◆ **Brief**: The lines to be extracted begin at the line containing "Eladó téglalakás, Budapesten, X." and end at the last line of the data below; copy them exactly and leave out the pictures.

-- The data follows --

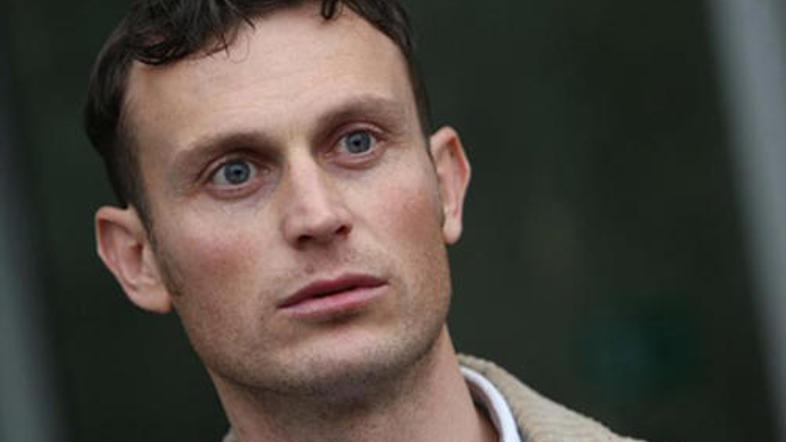 Roberta pošiljajo od vrat do vrat, odgovora pa ne dobi.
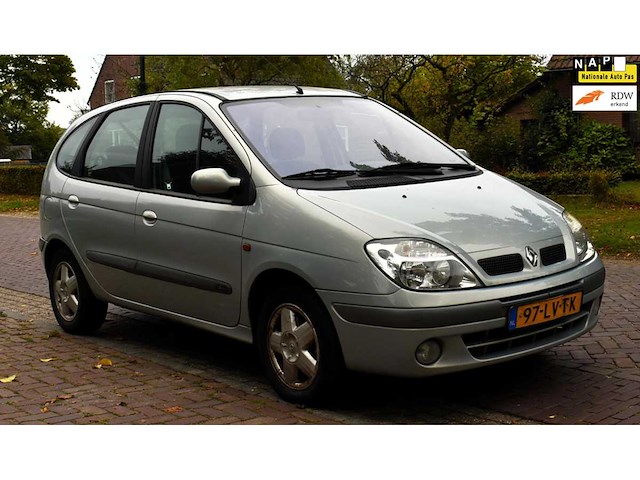Renault scénic 1.8-16v air 2003 - afbeelding 12 van  19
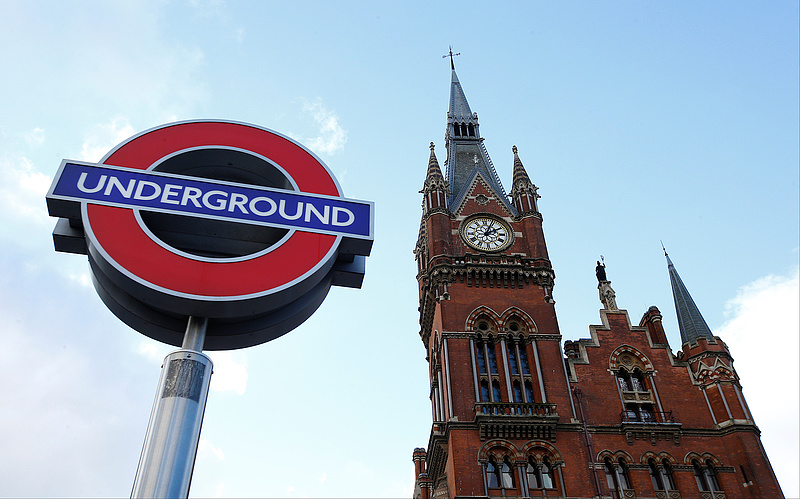 A londoni metróvezetők nem szórakoznak, teljesen leállt a közlekedés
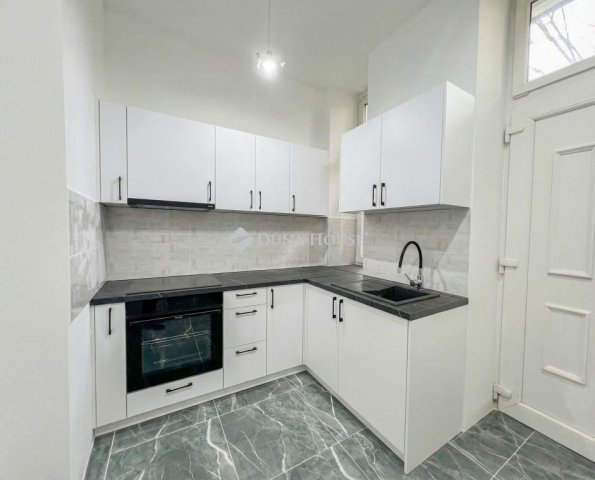 Eladó téglalakás, Budapesten, X. kerületben 47.5 M Ft, 1 szobás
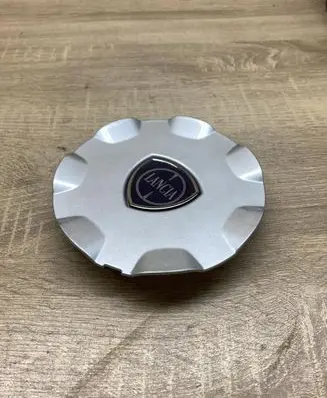 Lancia Delta III R17 wheel hub/cap/trim 735453780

-- The data concluded --

◆ **Response to the exercise**:
 Eladó téglalakás, Budapesten, X. kerületben 47.5 M Ft, 1 szobás
 Lancia Delta III R17 wheel hub/cap/trim 735453780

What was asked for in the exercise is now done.